Deezer says roughly 75,000 fully AI-generated tracks now land on its platform every day — about 44% of daily uploads, or more than 2 million a month. That is not just a content problem. It is an ingestion problem, a ranking problem, and increasingly a product architecture problem.
For streaming platforms, the shift is operationally significant. When nearly half of new uploads are machine-generated, the question is no longer whether AI music exists in the catalog. It is how quickly a service can identify it, label it, and route it through policy rules without degrading discovery for legitimate artists or adding friction to the upload path. Deezer’s own numbers show how quickly the composition of incoming content has changed: the company said the daily volume of fully AI-generated uploads has risen from roughly 10,000 a day a year ago to about 75,000 now.
At the center of Deezer’s response is a patented AI-detection tool that the company says can identify music generated by models including Suno and Udio. Deezer has also said it plans to license the detector to other players in the industry, which makes the system more than an internal moderation layer. It starts to look like infrastructure: a specialized classification service wrapped into the platform’s governance stack and potentially sold as a product.
That matters because the mechanics of detection now directly affect what users hear. Deezer says flagged AI-generated tracks are removed from recommendations. In practice, that means the classifier is not only tagging content for metadata or compliance; it is changing the exposure model. A track that makes it into upload storage but is excluded from recommendation surfaces is effectively being treated as second-class inventory, with lower distribution potential even before any listener behavior is considered.
Deezer has also pointed to the quality of engagement around these tracks. Of the streams AI-generated songs do receive on the platform, the company says 85% come from bots. That detail is important for product teams because it ties detection to another control plane: fraud and traffic integrity. If a large share of consumption is automated, then recommendation systems, royalty accounting, and performance analytics all become harder to trust. The platform is not merely filtering content; it is defending its measurement stack.
The strategic implication is that detection is becoming a moat. A platform that can reliably classify AI-generated audio at upload time can enforce policy faster, protect recommendation quality, and preserve some confidence in engagement metrics. If that same capability can be licensed, it may also create a new revenue line or at least a standards-setting position inside the wider music ecosystem. In that scenario, ownership of the detector becomes as consequential as ownership of the catalog.
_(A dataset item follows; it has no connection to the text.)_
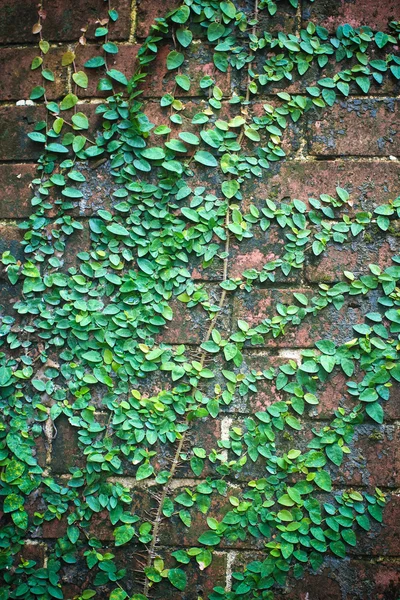 Muro de ladrillo con el árbol trepador — Foto de Stock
There is also a broader product-roadmap question hiding underneath the numbers. Once AI-generated uploads are arriving at this scale, moderation can no longer be an afterthought bolted onto ingestion. It has to sit in the upload pipeline itself, with model coverage, confidence thresholds, exception handling, appeals, and metadata policy treated as first-class features. The tighter the system becomes, the more it will shape product decisions around creator onboarding, search ranking, recommendation eligibility, and how much explanatory context a platform owes to artists and listeners.
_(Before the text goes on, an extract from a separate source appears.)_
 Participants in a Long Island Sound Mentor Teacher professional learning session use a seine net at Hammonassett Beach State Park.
That is where the governance risk enters. Detection systems are only as good as their coverage, and AI music generation is moving fast enough that model-to-model gaps are inevitable. False negatives would allow synthetic content to bypass policy. False positives could suppress legitimate work or mislabel human-made tracks. Either failure mode can erode trust if the platform cannot explain its decisions or keep pace with new generators.
The arms race is likely to continue because the underlying incentives are not aligned. Generative models get better at producing plausible audio, while platforms get more pressure to keep catalogs organized, recommendations relevant, and metrics clean. The result is a technical contest over classification, labeling, and enforcement — one that may matter as much to streaming strategy as the music itself.
For product and tooling teams, the next signals to watch are straightforward: whether more platforms adopt upload-time detection, whether Deezer’s licensing approach turns into a broader commercial market for AI-music classifiers, and whether industry policy starts to converge on shared metadata and labeling standards. Deezer’s numbers suggest the issue is already inside the core platform stack. The question now is which companies build the best control systems around it — and which ones end up reacting to uploads after the fact.